Tom offers some advice on how to help kids succeed in their show-ring endeavors and keep horse shows fun

  • Find the right horse. “For kids to have fun in the show ring, they’ve got to have the right teammate, and they’ve got to start with classes they’re interested in,” Tom says. He looks for horses with talent, gentle dispositions and willingness to tolerate young riders.
  • Start small. For kids to enjoy the competition of horse showing, they need to feel a sense of accomplishment and reward for their efforts. So Tom starts his youth riders at levels in which they can be competitive.
  • Find your level.

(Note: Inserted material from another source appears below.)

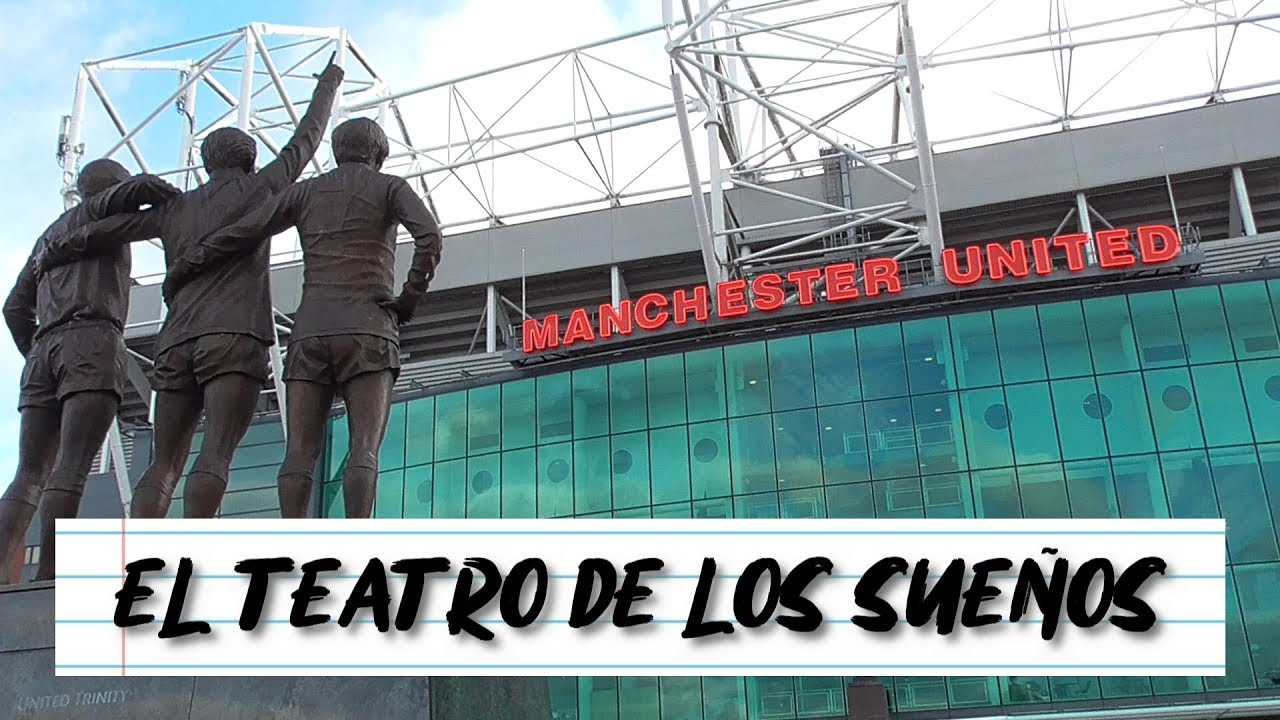 OLD TRAFFORD, el TEATRO DE LOS SUEÑOS del Manchester United. | HORA PREMIER.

AQHA offers Rookie, youth and other divisions to compete in to help level the playing field for everyone. 
  • Reward based on efforts and improvements. Success doesn’t always equate to winning. The key is to teach youth to set small, achievable goals. 
  • Give honest encouragement. Tom makes a point not to lavishly dish out praise. He wants his riders to know he’s being sincere. 
  • Teach responsibility. “It has always been my goal for the kids to be able to get on their horse, ride it, school it and go show it on their own,” Tom says.
  • Know when to switch gears. If show life becomes mundane for kids, Tom suggests spicing things up by working on a new event. Maybe trying out a new scene is all the rider needs to be challenged and have fun.

Tom’s Quick Horse Showing Tips:

  • Set realistic goals.
  • Stay organized at shows.
  • Don’t put too much pressure on children; don’t be too serious about winning.
  • Kids remember the little things, not how they placed in a class.
  • There will always be another weekend and another horse show.
  • Teach and practice responsibility.
  • Guide them; don’t do it for them.